### RECORDED INFORMATION:
____

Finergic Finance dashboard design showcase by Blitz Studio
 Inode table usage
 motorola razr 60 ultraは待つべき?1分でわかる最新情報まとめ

____

### EXERCISE BRIEF:
Word for word, restate the material above.

### EXERCISE ANSWER:
Finergic Finance dashboard design showcase by Blitz Studio
 Inode table usage
 motorola razr 60 ultraは待つべき?1分でわかる最新情報まとめ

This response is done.